Posted by Dain, Monday, January 28, 2008 1:10 PM (Eastern)

I know what you might be thinking. Eh, a children's fantasy novel? Actually, I find that the most poignant, beautifully written books are in fact children's novels, and the more potent, because children read, while adults do not.

The Chronicles of Narnia coincided with the publication of many fantasy classics coming out of post-WWII England: Tolkien's The Lord of the Rings, Richard Adam's Watership Down, Mervyn Peake's Gormenghast Saga, among others. Most of these men were very well educated, academics, in some cases. Why they turned to a dream world, in favor of the horrors of the real world, is perhaps easy to guess. In the case of C.S. Lewis, The Chronicles of Narnia were allegories for the Christian mythos. The first to be published, The Lion, the Witch, and the Wardrobe is a clear parallel to the passion of Christ (Aslan is always Christ, the son of the Emperor over the Sea). The first in chronology, The Magician's Nephew concerns itself on the Fall from Paradise, and there are distinct correspondences to Paradise Lost throughout. The last, The Last Battle, perhaps the most poorly written of the series, is a surreal take on the Last Judgment. And lest anyone be confused, Aslan himself states that he is in all worlds, and we have only into Narnia so that we might know him better in our own.

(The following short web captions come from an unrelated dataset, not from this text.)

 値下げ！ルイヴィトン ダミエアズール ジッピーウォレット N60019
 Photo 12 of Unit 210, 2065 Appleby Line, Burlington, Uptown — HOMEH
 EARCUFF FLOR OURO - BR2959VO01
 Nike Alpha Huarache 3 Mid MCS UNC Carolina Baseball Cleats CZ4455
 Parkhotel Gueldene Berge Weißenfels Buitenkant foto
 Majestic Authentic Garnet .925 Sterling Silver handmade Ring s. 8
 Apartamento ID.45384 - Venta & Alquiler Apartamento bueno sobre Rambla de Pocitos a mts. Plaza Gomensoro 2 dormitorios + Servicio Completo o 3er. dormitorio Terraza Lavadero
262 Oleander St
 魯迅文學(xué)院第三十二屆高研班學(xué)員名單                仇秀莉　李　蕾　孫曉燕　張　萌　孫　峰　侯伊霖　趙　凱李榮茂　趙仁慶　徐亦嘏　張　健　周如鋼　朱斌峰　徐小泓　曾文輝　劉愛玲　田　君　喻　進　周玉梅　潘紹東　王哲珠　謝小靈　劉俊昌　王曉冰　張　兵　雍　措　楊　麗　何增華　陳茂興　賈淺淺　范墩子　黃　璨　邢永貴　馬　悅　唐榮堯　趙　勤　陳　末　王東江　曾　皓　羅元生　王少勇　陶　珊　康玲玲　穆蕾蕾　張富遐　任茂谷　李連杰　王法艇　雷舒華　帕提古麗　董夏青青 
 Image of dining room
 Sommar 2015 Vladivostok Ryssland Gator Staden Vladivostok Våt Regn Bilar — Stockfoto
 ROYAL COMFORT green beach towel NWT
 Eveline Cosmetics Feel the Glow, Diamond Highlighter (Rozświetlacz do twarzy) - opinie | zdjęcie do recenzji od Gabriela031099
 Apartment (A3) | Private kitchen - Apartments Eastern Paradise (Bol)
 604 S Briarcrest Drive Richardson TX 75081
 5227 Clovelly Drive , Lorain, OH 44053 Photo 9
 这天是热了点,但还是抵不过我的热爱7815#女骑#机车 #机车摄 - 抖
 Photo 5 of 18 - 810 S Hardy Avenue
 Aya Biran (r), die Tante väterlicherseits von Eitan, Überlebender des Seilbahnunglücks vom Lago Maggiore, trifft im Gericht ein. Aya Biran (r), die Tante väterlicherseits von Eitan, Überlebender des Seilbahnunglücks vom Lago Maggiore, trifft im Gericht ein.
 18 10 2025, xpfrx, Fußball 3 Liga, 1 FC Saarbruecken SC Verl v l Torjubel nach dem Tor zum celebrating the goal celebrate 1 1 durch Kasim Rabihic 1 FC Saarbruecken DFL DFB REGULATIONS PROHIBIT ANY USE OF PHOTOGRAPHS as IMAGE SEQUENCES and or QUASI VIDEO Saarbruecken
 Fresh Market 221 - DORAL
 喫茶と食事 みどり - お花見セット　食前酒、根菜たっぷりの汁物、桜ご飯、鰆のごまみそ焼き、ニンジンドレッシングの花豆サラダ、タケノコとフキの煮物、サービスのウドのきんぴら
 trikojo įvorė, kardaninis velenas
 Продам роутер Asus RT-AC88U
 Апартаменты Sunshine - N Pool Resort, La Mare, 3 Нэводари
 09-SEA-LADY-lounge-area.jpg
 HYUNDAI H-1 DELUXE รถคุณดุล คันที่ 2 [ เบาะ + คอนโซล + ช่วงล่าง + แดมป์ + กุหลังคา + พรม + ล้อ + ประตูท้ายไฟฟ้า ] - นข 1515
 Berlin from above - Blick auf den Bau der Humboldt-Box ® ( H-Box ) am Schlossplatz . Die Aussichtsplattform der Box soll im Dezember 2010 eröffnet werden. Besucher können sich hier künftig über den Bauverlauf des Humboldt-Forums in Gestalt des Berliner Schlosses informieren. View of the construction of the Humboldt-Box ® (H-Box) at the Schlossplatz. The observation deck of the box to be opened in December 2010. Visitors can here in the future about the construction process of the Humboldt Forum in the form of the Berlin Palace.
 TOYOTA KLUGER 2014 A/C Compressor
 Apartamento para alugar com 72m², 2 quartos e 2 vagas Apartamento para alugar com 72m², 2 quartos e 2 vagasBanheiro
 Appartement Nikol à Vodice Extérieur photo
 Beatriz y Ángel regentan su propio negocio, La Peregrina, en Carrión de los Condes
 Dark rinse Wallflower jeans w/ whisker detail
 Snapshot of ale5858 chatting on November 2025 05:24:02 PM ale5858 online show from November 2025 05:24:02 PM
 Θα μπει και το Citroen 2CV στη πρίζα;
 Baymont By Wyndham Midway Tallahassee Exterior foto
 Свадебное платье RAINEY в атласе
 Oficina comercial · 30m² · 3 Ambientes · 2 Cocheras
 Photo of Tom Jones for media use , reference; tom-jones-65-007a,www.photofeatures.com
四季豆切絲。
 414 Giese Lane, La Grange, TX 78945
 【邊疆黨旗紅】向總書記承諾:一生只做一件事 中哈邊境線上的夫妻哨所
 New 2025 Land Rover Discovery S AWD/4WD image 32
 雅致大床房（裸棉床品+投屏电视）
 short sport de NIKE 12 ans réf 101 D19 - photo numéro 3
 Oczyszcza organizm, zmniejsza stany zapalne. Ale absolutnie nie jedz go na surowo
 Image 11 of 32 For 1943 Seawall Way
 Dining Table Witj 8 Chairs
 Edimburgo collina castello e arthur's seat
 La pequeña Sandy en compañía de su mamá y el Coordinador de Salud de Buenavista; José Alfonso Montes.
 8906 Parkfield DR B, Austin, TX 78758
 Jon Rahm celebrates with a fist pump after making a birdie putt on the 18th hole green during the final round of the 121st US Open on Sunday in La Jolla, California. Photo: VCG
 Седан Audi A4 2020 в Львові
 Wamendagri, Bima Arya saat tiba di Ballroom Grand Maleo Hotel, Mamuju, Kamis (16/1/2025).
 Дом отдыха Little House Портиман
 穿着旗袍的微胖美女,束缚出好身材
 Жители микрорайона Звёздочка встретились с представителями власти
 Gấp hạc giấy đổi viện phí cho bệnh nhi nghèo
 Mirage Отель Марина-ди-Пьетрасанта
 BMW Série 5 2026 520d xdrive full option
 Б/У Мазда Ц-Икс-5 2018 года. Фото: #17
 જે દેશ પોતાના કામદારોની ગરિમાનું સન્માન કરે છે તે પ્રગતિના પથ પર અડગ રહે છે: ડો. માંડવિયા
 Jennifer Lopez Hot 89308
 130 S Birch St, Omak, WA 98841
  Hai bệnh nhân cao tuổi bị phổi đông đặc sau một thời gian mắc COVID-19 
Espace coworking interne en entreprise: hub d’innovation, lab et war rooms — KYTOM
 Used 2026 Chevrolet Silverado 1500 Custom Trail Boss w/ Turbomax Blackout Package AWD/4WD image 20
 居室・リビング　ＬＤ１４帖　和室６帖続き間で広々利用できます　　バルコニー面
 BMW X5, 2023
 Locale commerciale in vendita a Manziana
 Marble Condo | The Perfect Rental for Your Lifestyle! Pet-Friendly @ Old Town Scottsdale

Actually, I read and enjoyed these books without any idea that they had Christian messages when I was a child. My favorite was The Voyage of the Dawn Treader, which only touches lightly on Christianity (Lewis was a professor of medieval studies, so he was well versed in high romance, so many of the books are more adventure tales), followed by the aforementioned The Magician's Nephew. Of course, I grew up in a Buddhist household, and only read Milton and the Bible when I came to college, so I would not have sensed the Christian mythos as easily as others might have. When I read them again, after so long, I marveled at how I could have missed it. I was also reading The Myth of Sisyphus concurrently, roughly contemporaneous, and the two could not be more different from each other if I had planned it (I had not). Camus, as an existentialist, takes atheism as a given. Froma philsophical standpoint, I am inclined to agree with Camus, but it is such a bleak world he lives in. At least, in Narnia, they have adventures and meet strange creatures and eat many good things when the adventure's over. With or without the Christian mythos, they are still enjoyable stories to read at any age.